Factual and Procedural Background

Plaintiff Frances R. Ojeda suffered severe birth defects including cerebral palsy during her birth at defendant Sharp Cabrillo Hospital in 1982. On her behalf, Frances’s mother, Concepcion Ojeda, sued the obstetrician who performed the delivery, recovering a settlement which was to be held in trust for Frances. After consulting with another attorney, Concepcion concluded a second action on behalf of her daughter should be brought against the hospital. Not wishing to use the proceeds of the first settlement to defray the costs of the second suit, Concepcion entered into a contract with the Medical Quality Foundation (the Foundation) to assist Frances’s attorney with the preparation of her case against the hospital. If an initial consultation report for a fee of $150 were favorable, the Foundation agreed to review relevant medical records and locate expert witnesses to testify on Frances’s behalf. In return, Concepcion promised to pay the Foundation 20 percent of any *5 recovery Frances received. The experts were to be separately compensated at a prearranged flat rate paid by the Ojedas, presumably with sums advanced by Frances’s attorneys. 1 The attorneys also signed the contract. They promised to pay the Foundation in accordance with its terms. They further agreed that in later cases they would not contact any expert identified by the Foundation without the Foundation’s written permission. 2

On Concepcion’s ex parte application shortly after the contract was executed, the superior court (per Judge Wagner) approved the arrangement. Over the next 28 months, the Foundation reportedly performed 170.5 hours of work in connection with the Ojeda case. 3 In early 1990, the case was settled for $1.1 million.
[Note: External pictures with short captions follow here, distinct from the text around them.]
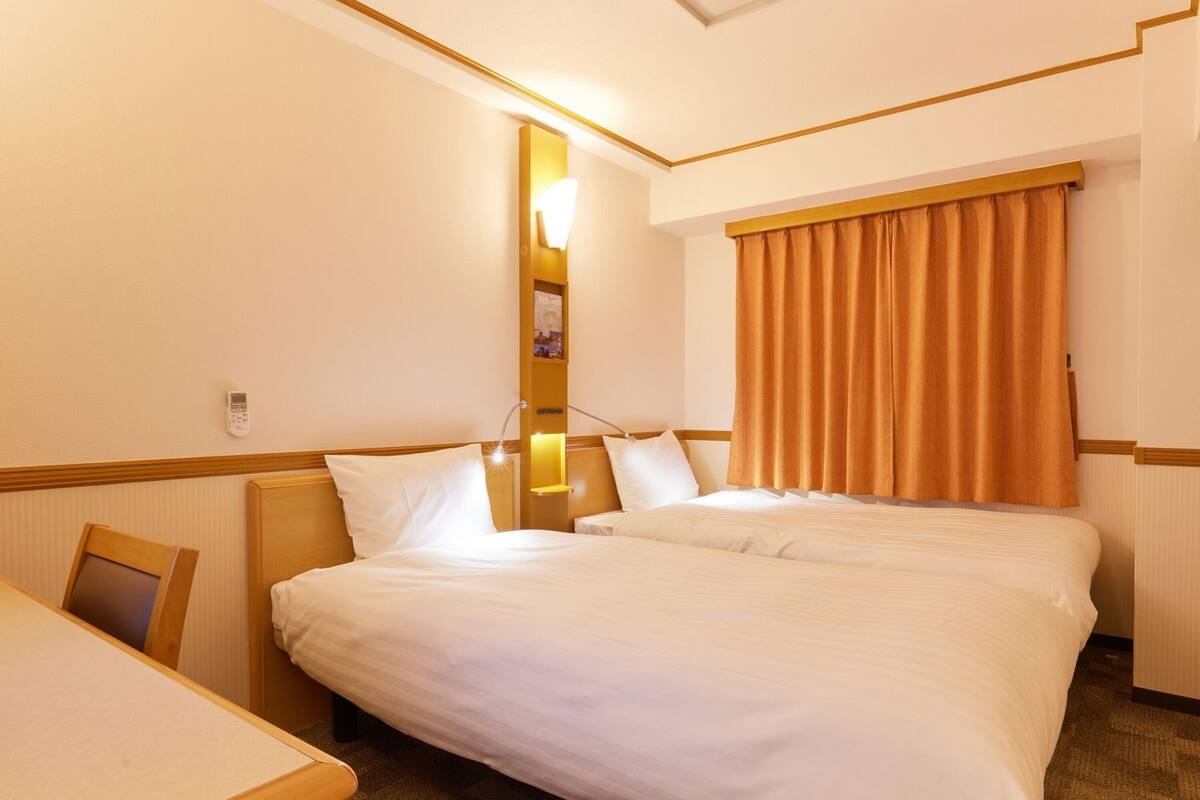 Ett hotellrum med en dubbelsäng, ett skrivbord, ett nattduksbord, en väggmonterad lampa och ett fönster med gardiner.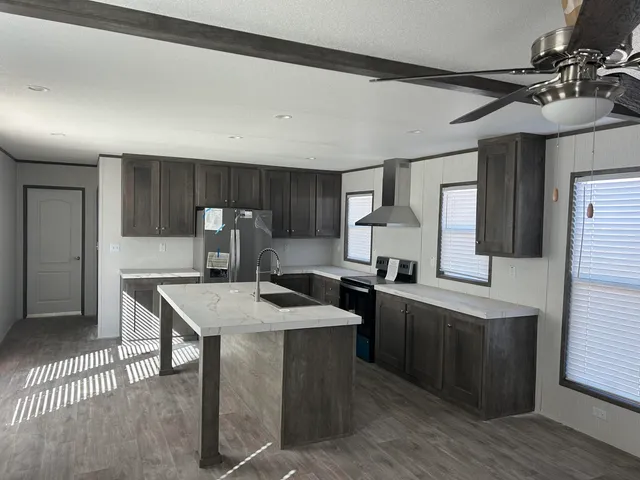 a kitchen with sink cabinets and wooden floor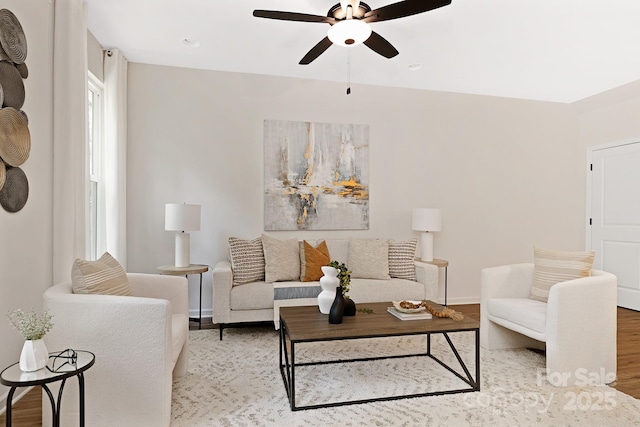 living room featuring ceiling fan and light hardwood / wood-style floors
Although contractually entitled to $220,000, the *6 Foundation agreed to accept $125,000 for its services. Concepcion applied for a court order approving the minor’s compromise including the payment of $151,666 in attorney fees, an additional $27,528 to the attorneys as reimbursement for costs and $125,000 to the Foundation. Drawing upon his extensive judicial experience and legitimate concern for the minor, Judge Tharp approved the funds for the attorneys but declined to allow payment to the Foundation, concluding the contingency fee contract was “unlawful, unethical, violative of the laws of the State of California regulating the practice of law, contrary to public policy, and contrary to the best interests of the minor . . . .”

On appeal, the Foundation contends it should receive the $125,000 it requested based on the contingency fee agreement signed by Concepcion Ojeda and previously approved by the superior court. 4 Alternatively, the Foundation argues even if the contract is unenforceable, it is entitled to a quasi-contractual recovery based on the reasonable value of its services. We reverse for further proceedings consistent with this opinion.

Discussion

When we initially considered the Foundation’s appeal, we expressed concern with the nonadversarial nature of the case. The ex parte appeal by the Foundation followed ex parte proceedings in the trial court. At least in terms of this case, the hospital—the adversary in the underlying proceedings —was unaffected by how the $1.1 million settlement is divided and was not a party to the appeal. Concepcion Ojeda—the minor’s guardian with a clear interest in maximizing the child’s recovery—did not challenge the Foundation’s request, presumably because it was she who entered into the original contingent fee contract. The minor’s trial attorneys, as we later explain, were and are faced with several conflicting interests. In any event, they would not be permitted to challenge the Foundation’s request without the guardian’s approval.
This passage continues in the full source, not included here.